Library sales are pretty unexpected places to find M-rated yaoi. If they have a manga section at all, much less one that has anything other than dog-eared copies of Naruto and Dragonball Z, they’d probably never (knowingly) put BL in it, because the last thing any parent wants is their 9-year-old finding a volume of Level C while were just innocently ogling the covers of Love Hina and running up to them loudly asking what a creampie is or why a man would want to stick his pee-pee in your butt. But lo and behold, I unearthed this puppy at a library sale one time, the only yaoi book I have found at one to date. It even still had the bonus postcard intact which was pretty cool. Made me wonder how it ended up there and who it used to belong to.
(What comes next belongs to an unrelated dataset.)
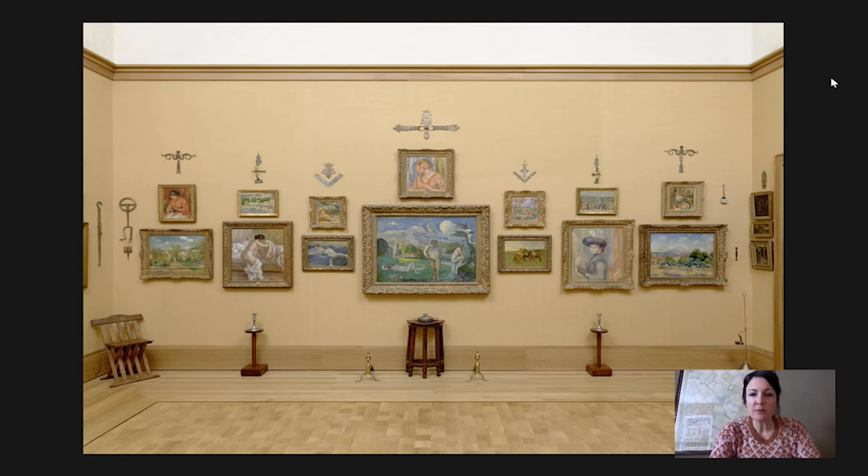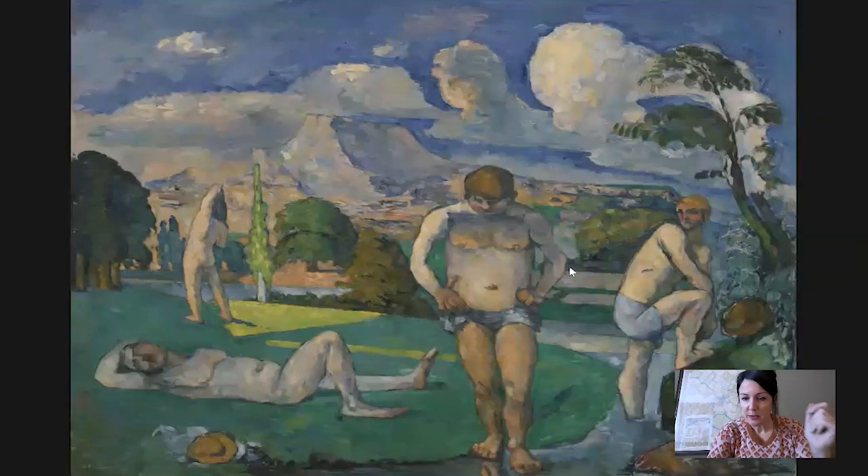Hi and welcome to Barnes Takeout. I'm Martha Lucey, Deputy Director for Research, Interpretation, and Education at the Barnes. Today we are going to be looking at a work by Paul Cezanne called Bathers at Rest, hanging in the center of this wall. Albert Barnes anchored his whole ensemble around this painting. It is a major painting in Cezanne's oeuvre, one of my favorites in the collection, and I'll say upfront that I think it's a very strange painting — and I mean that in the most loving possible way.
I’ll bet it was a member of Congress. I like to think my state representative is secretly a fudanshi, it’s about time someone stood up for the most important issues of our time, like needless censoring.


L’Etoile Solitaire is the debut story of Yuno Ogami, and possibly her only published work unless she has a pseudonym – she’s somewhat of a ghost, and seems to have all but disappeared from the manga world. Her website/blog is still up but hasn’t been updated in years, and interestingly still has a post up from this book’s launch where she did a custom illustration of the main characters for her readers. This story was a ‘Japanese Original English Language’ manga, a term which makes zero sense to me but apparently just means it was commissioned. Since we now know it was the only real story she ever did, we have nothing to really compare it to nor could witness an evolution in her style, sadly. I wish she hadn’t dropped off the map after this because I think she was would have become a really great mangaka.